▶ WORK REQUEST: Copy each line of the records below, from the first through the one that contains "Empty bedroom with", exactly as written.

▶ INFORMATION SHOWN:
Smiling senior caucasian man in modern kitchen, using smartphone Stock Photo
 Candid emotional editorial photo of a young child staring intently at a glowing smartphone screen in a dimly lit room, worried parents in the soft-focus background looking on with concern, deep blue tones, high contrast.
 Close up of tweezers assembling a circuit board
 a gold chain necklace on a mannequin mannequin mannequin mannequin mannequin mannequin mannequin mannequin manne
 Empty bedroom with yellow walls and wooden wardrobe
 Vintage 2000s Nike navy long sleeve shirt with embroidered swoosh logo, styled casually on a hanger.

▶ RESULT FOR THIS TASK:
Smiling senior caucasian man in modern kitchen, using smartphone Stock Photo
 Candid emotional editorial photo of a young child staring intently at a glowing smartphone screen in a dimly lit room, worried parents in the soft-focus background looking on with concern, deep blue tones, high contrast.
 Close up of tweezers assembling a circuit board
 a gold chain necklace on a mannequin mannequin mannequin mannequin mannequin mannequin mannequin mannequin manne
 Empty bedroom with yellow walls and wooden wardrobe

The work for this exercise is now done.